When asked what was the one thing that surprised him most about the town halls he replied, “the anger.” McCain believes that anger is being displayed not by professional protestors but by people who are expressing their frustration for the first time. … That’s why he believes it’s the making of a revolution against business as usual in Washington, D.C.

So here’s the mystery. If there’s a crisis, why then, is Barack Obama looking for another one? Maybe the the crisis that has brought out the public both against the Republicans and the Democrats isn’t the kind of crisis the politicians are looking for. Traditionally politicians  look for a crisis to solve — but something which the public will gratefully turned to them to solve: the kind of crisis that empowers Washington, but doesn’t wrack it. But what happens when the crisis that is roiling public opinion is about Washington itself?  Then it becomes a problem. Rahm is really hoping that the crisis of confidence in Washington is “not there yet,” hoping that his crisis gets there before their crisis does.

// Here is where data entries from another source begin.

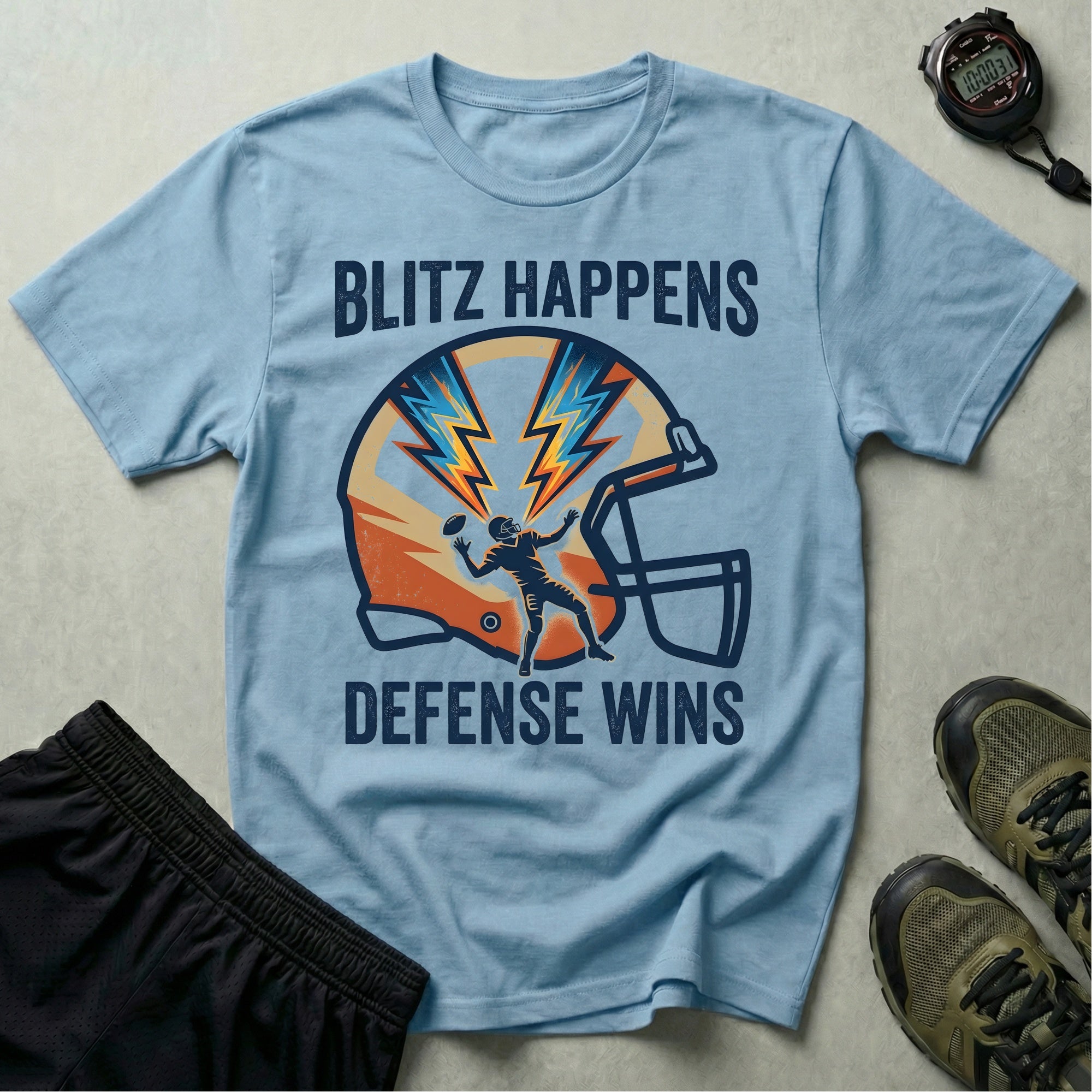 Gridiron Blitz Happens Defence Wins Gym T-Shirt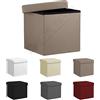 Home Tresor - Pouf Contenitor, Cubo Poggiapiedi Contenitore, Puff Sgabello Pieghevole per Divano Soggiorno Cameretta, Impermeabile, Quadrato (HxLxP) 38X38X38 cm, Beige
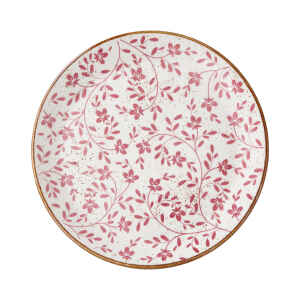 Flora Pink Round Ceramic Coupe Plate - Pack of 12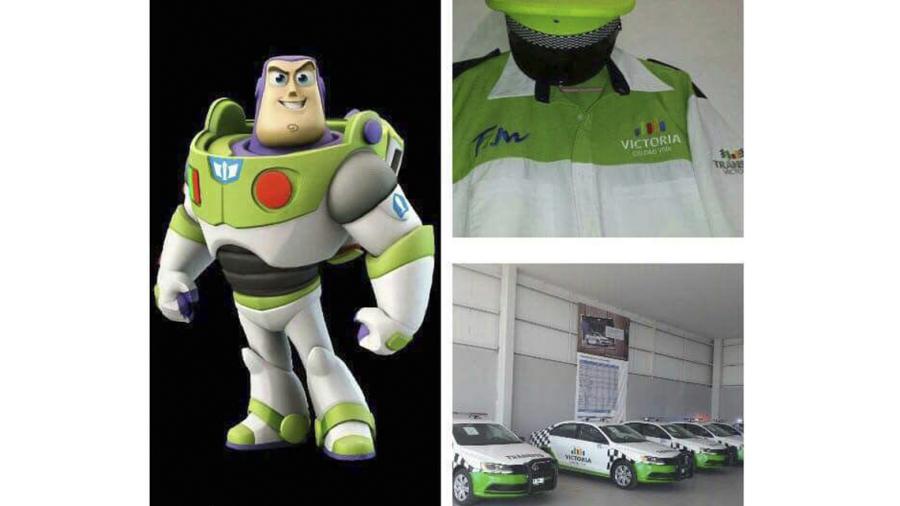 Buzz Light Year "inspiración" para uniformes de tránsitos en Cd. Victoria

In any case, Rahm Emmanuel is wrong about his awaited consensus. Whichever crisis happens first, either will damage the real old consensus beyond easy repair.  The undeclared truce between the Left and the Right, their tacit albeit uneasy coexistence these last forty years has been upset by a power grab.  The unspoken rationale for the past modus vivendi was the necessity to avoid a struggle that could damage both sides irremediably.  As long as the two sides agreed to alternate at the trough, as a long as a showdown could be avoided, as long as neither side sought a decisive victory over the other, both could prosper within bounds. They just to wait their turn at the buffet line. The unintended consequence of one side making its move for decisive power, the decision of people to jump the line and step over the backs of others to gorge themselves at the steam tables — this has upset the steam table.  The buffet itself is under attack. A new game may wait around the corner, with rules that are still evolving, but the old one is trouble.  The problem with Obama’s strategy of doubling down is that instead of giving him a quick and easy victory, his failure to win at a gallop may turn the contest into a prolonged and nightmare battle of attrition. This is the most likely outcome. Nobody will be marching home in victory “before the leaves fall”. The crisis is here, just you wait, Rahm.